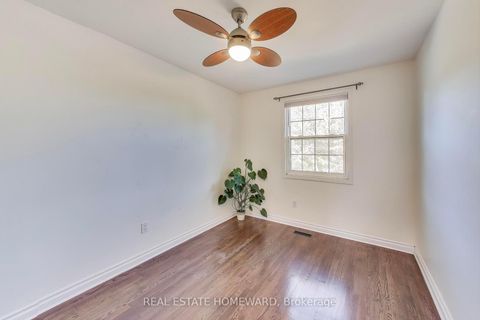 Photo 17 at 9 - 25 Whitecap Boulevard, Scarborough Village, Toronto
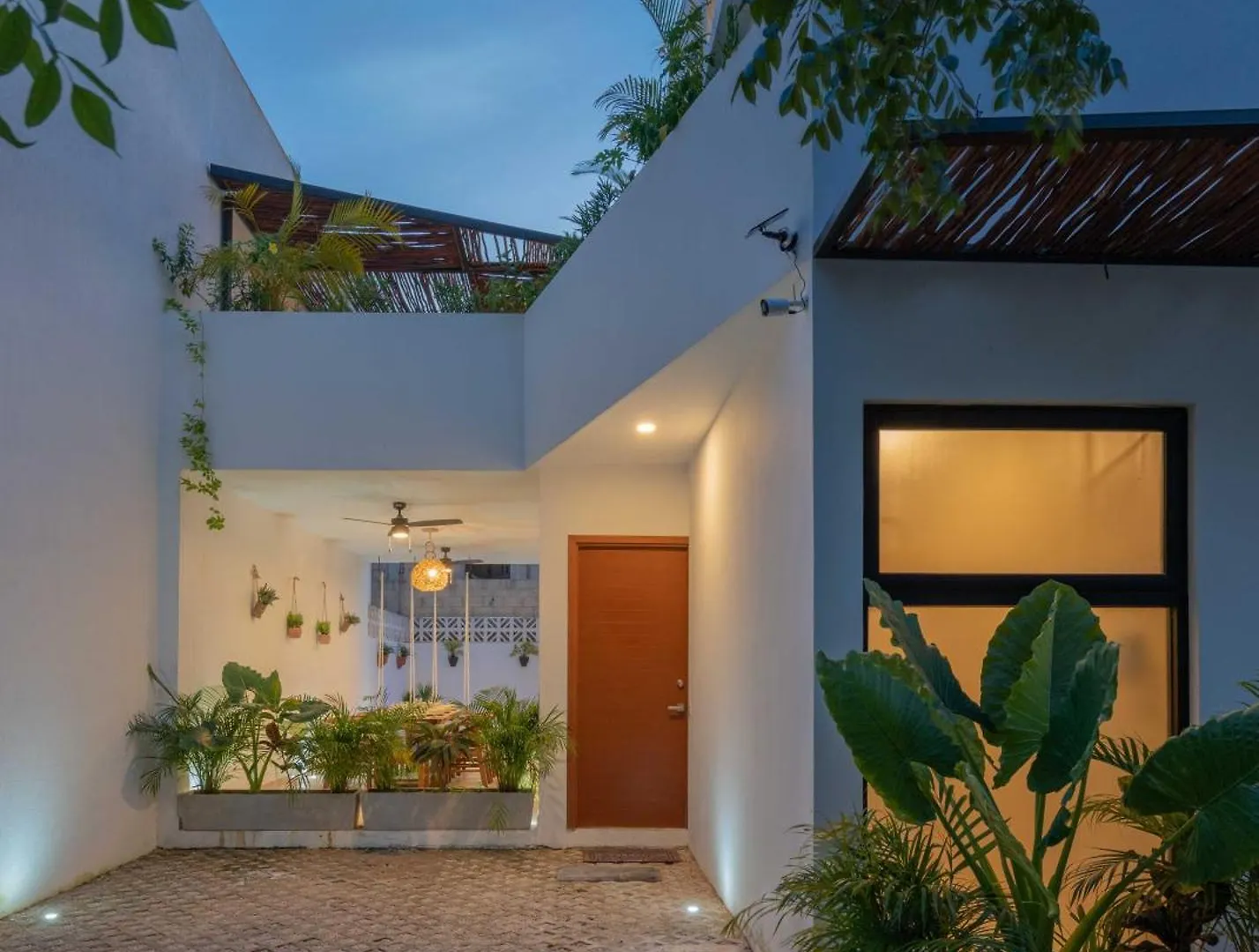 Apartment Casa Laura - Tulum - Private Townhome For 6 Guest - 3 Bedrooms - 5 Beds- Restaurant Walking Distance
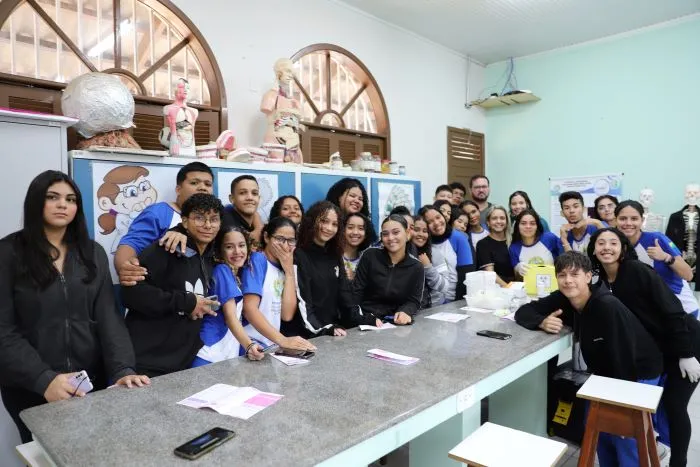 Educação oferta oficina de tipagem sanguínea para alunos da Escola Sebastião Pedrosa, em Rio Branco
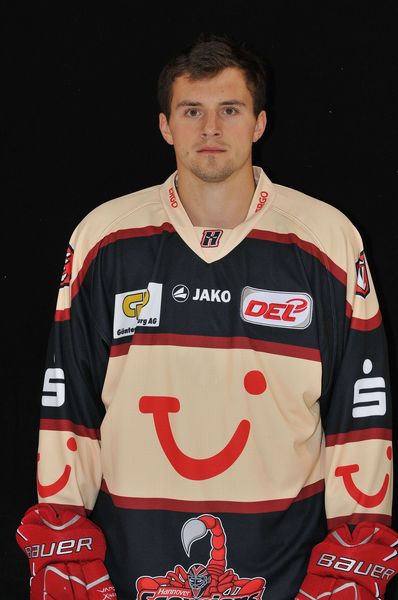 Mannschaft2011   022.jpg - DEL Club Hannover Scorpions Hannover Team 2011-2012Patrick Buzas Stürmer Nr. 12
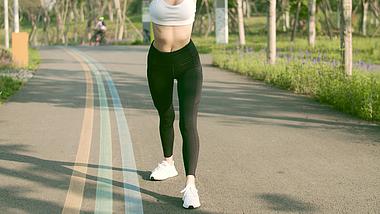4K实拍晨练美女跑步前热身拉伸运动视频的预览图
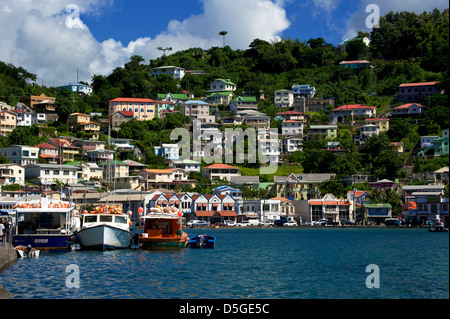 Le joli port de St Georges dans les Caraïbes Banque D'Images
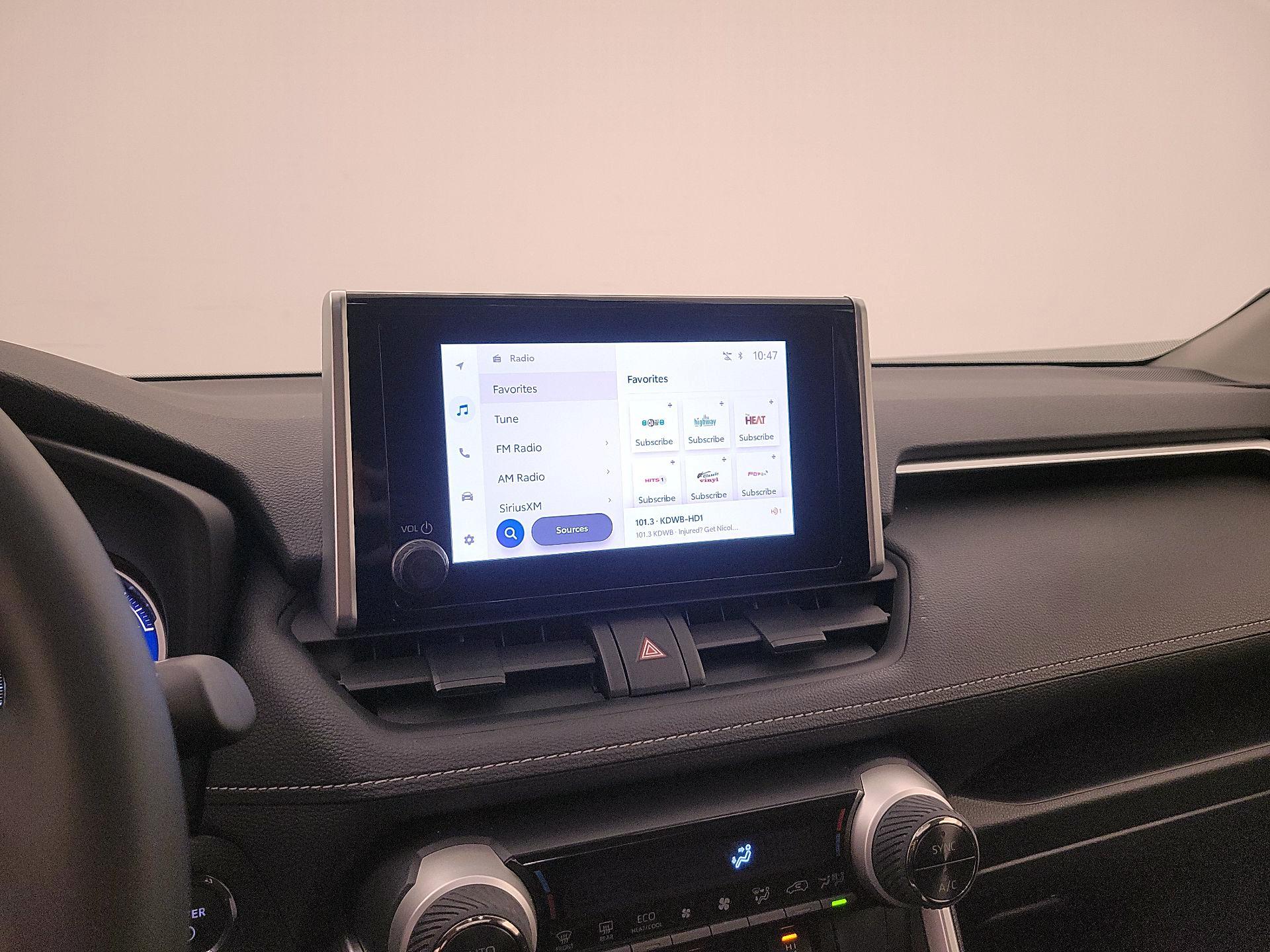 Thumbnail: 2025 Toyota RAV4 - 16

★ ★ ★ ★ ★

== AIM OF THE TASK ==
With images omitted, retype the data word for word.

== TASK ANSWER ==
 Photo 17 at 9 - 25 Whitecap Boulevard, Scarborough Village, Toronto
 Apartment Casa Laura - Tulum - Private Townhome For 6 Guest - 3 Bedrooms - 5 Beds- Restaurant Walking Distance
 Educação oferta oficina de tipagem sanguínea para alunos da Escola Sebastião Pedrosa, em Rio Branco
 Mannschaft2011   022.jpg - DEL Club Hannover Scorpions Hannover Team 2011-2012Patrick Buzas Stürmer Nr. 12
4K实拍晨练美女跑步前热身拉伸运动视频的预览图
 Le joli port de St Georges dans les Caraïbes Banque D'Images
 Thumbnail: 2025 Toyota RAV4 - 16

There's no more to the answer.